> **Extracted data**:
────────────────────────────────────────
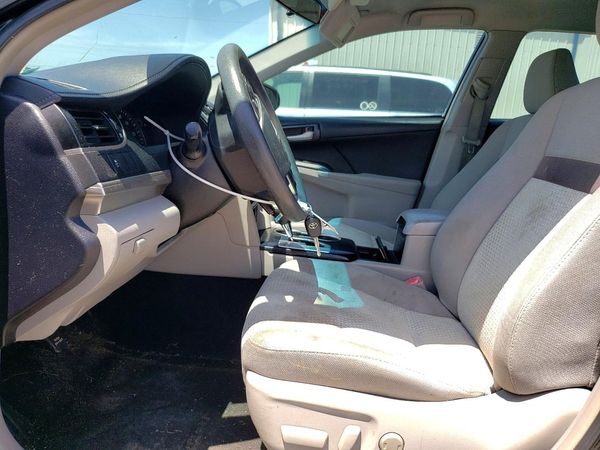 2014 TOYOTA CAMRY — DENT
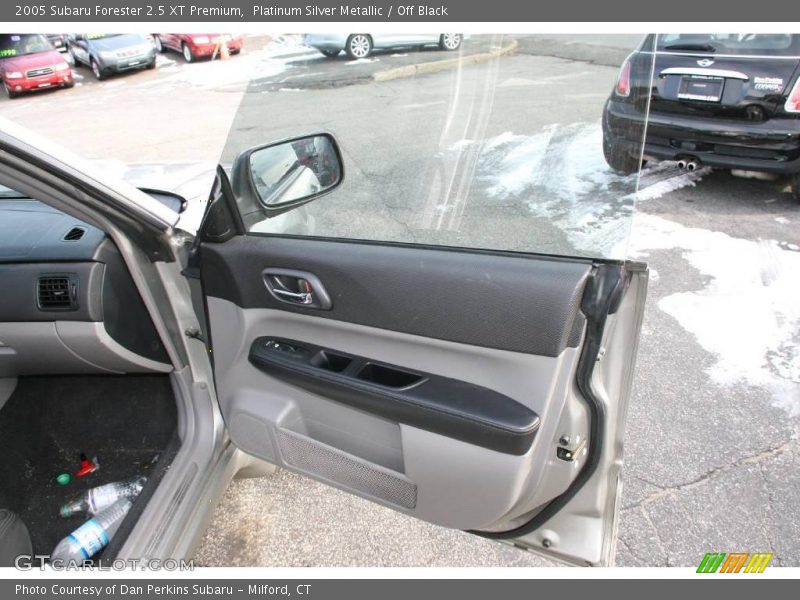 Platinum Silver Metallic / Off Black 2005 Subaru Forester 2.5 XT Premium
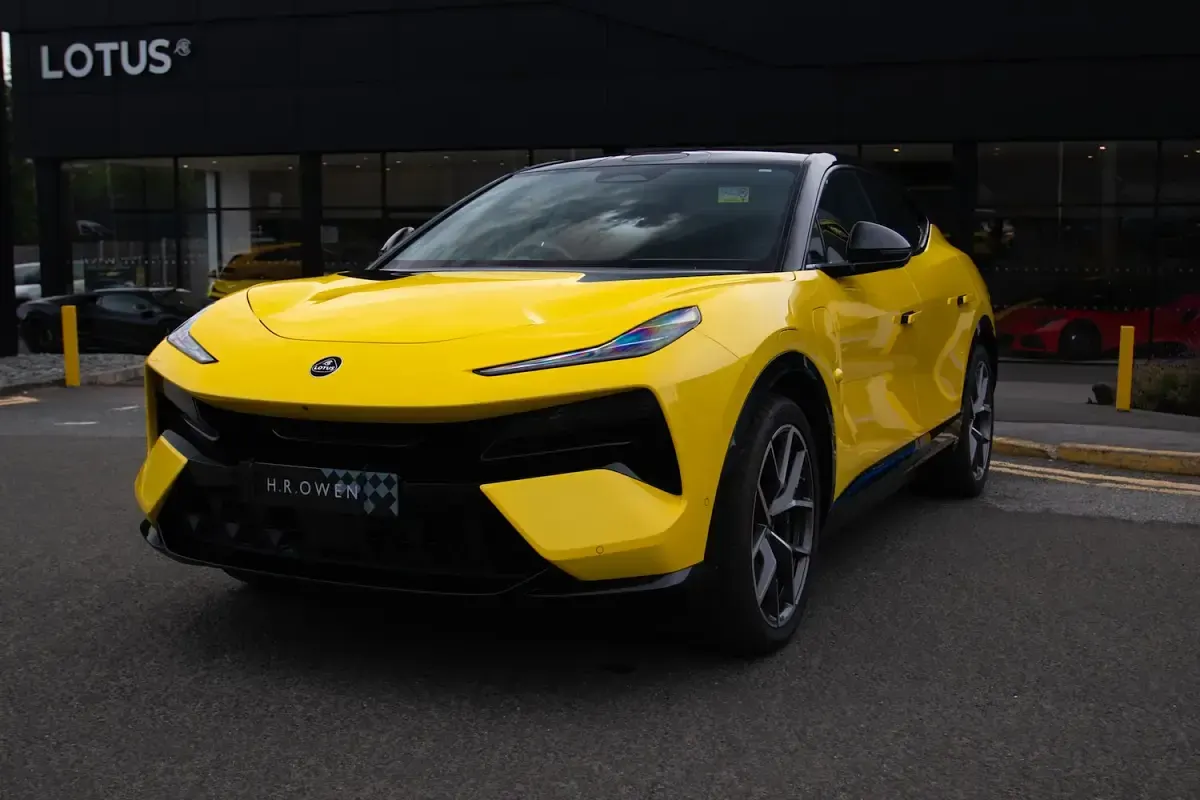 Used Lotus Eletre 450 kW (612 HP) 2024 Yellow SUV
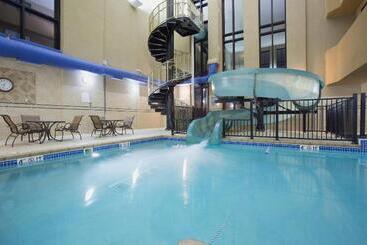 هتل Holiday Inn Express & Suites Mitchell, An Ihg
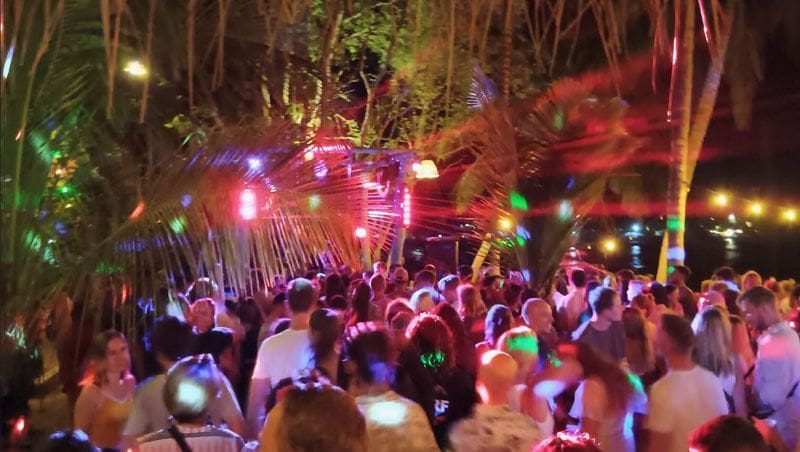 Fieston en Mambos en Arugam Bay gente bailando y luces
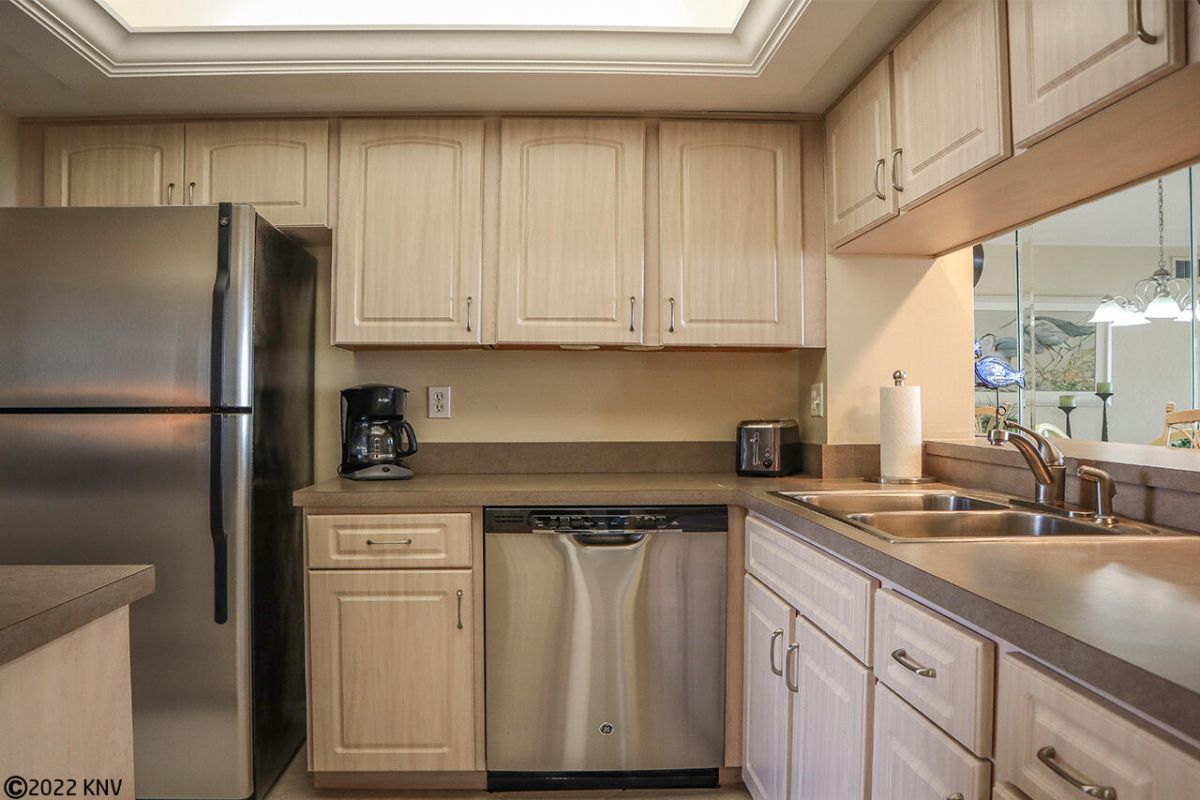 Kitchen features all new appliances, including that oh so important dishwasher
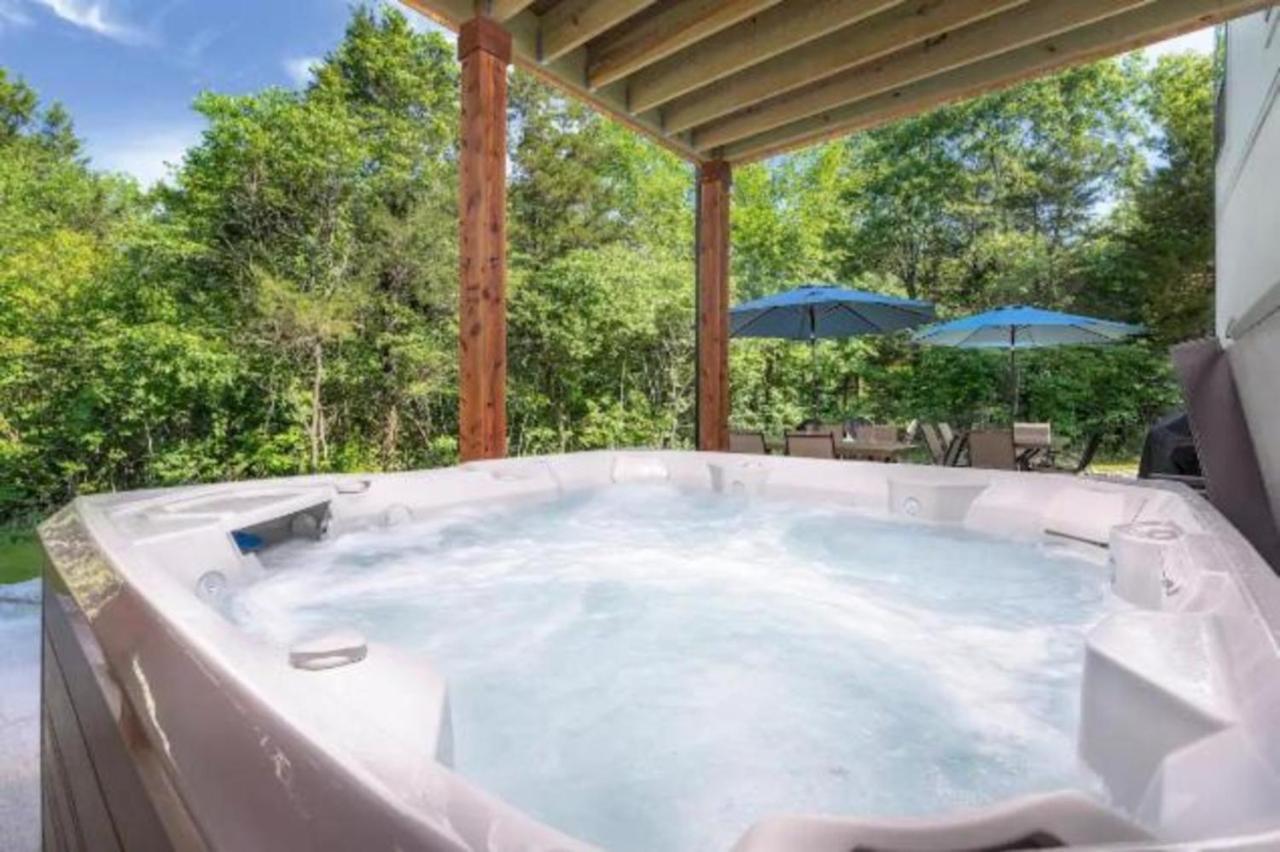Premier Retreat With Hot Tub, Theater & Pool Table Villa Hollister Kültér fotó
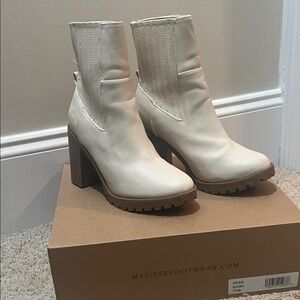 Matisse Women's Cream Heeled Boots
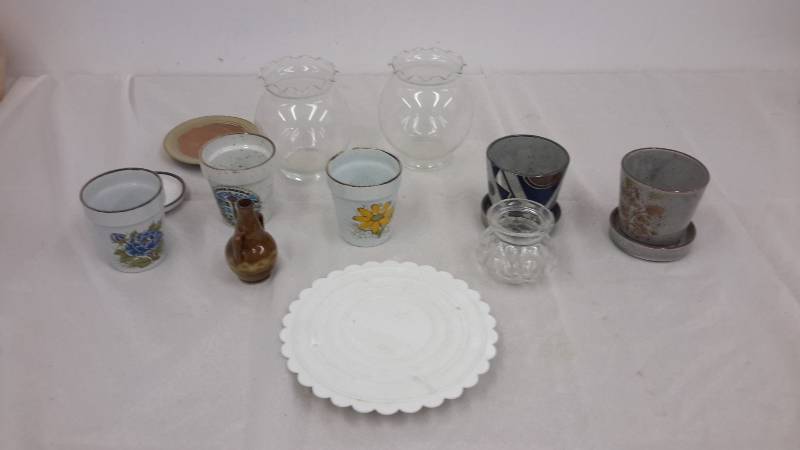 lot 102 image: 8 circle, glass, flower pots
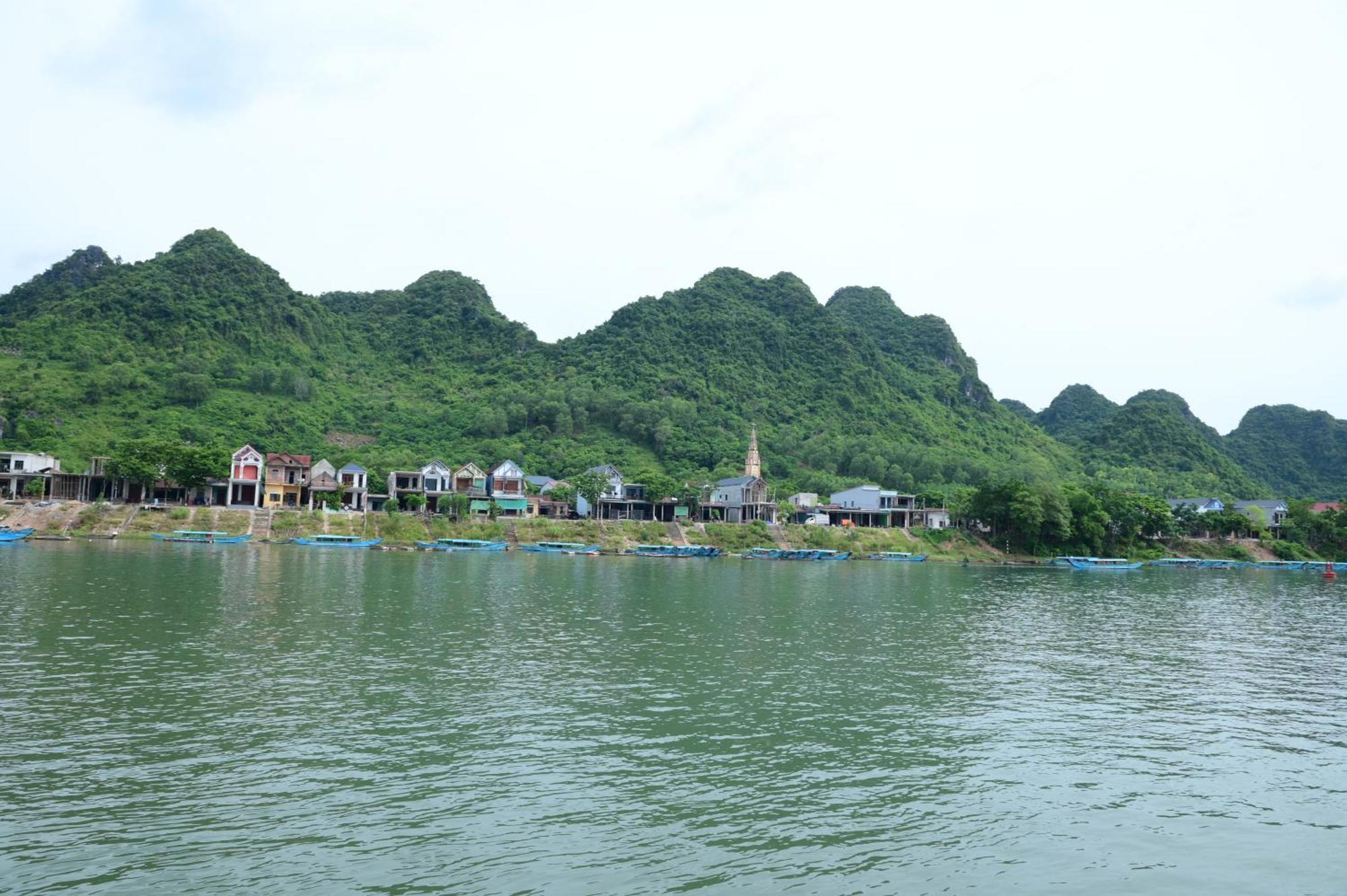 Restful River Bungalow Phong Nha Exterior photo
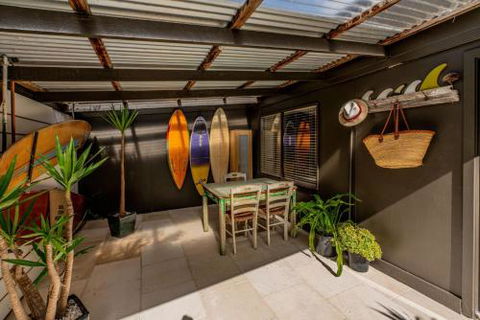 SUNSET BEACH SHACK On SURF - Schoolies Week Accommodation 5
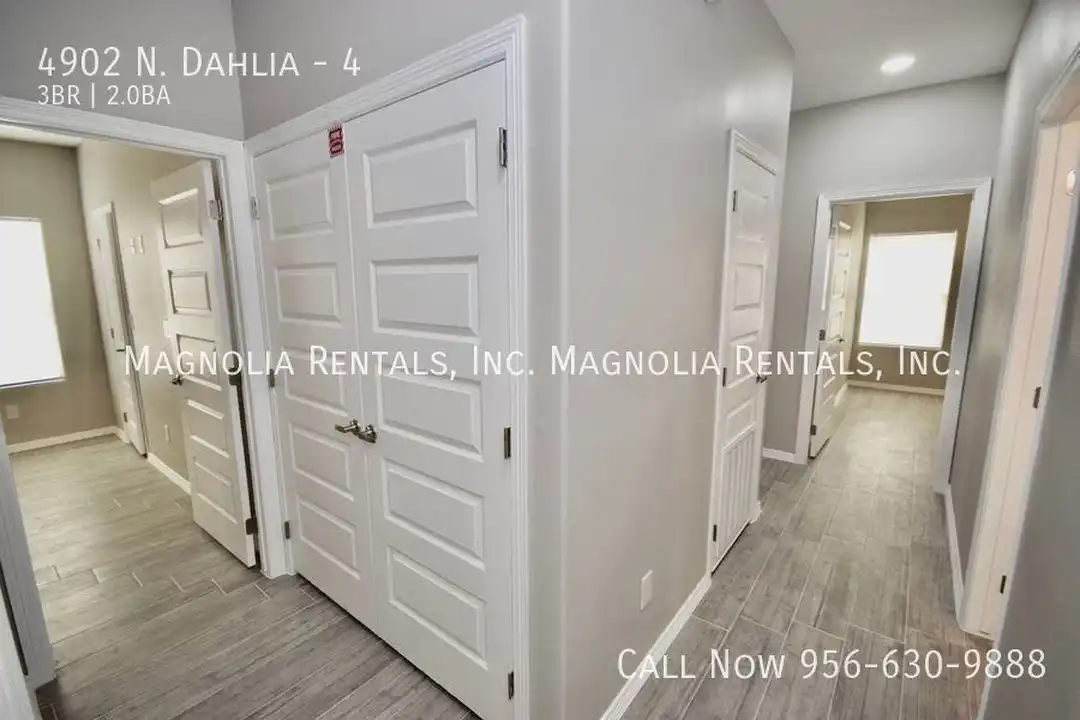 4902 N Dahlia St unit 4 - View 6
────────────────────────────────────────
> **Exercise**:
Pictures are to be left out; the lines from the start of the records above through the line holding "Restful River Bungalow" are to be returned exactly.

> **Answer below**:
 2014 TOYOTA CAMRY — DENT
 Platinum Silver Metallic / Off Black 2005 Subaru Forester 2.5 XT Premium
 Used Lotus Eletre 450 kW (612 HP) 2024 Yellow SUV
 هتل Holiday Inn Express & Suites Mitchell, An Ihg
 Fieston en Mambos en Arugam Bay gente bailando y luces
 Kitchen features all new appliances, including that oh so important dishwasher
Premier Retreat With Hot Tub, Theater & Pool Table Villa Hollister Kültér fotó
 Matisse Women's Cream Heeled Boots
 lot 102 image: 8 circle, glass, flower pots
 Restful River Bungalow Phong Nha Exterior photo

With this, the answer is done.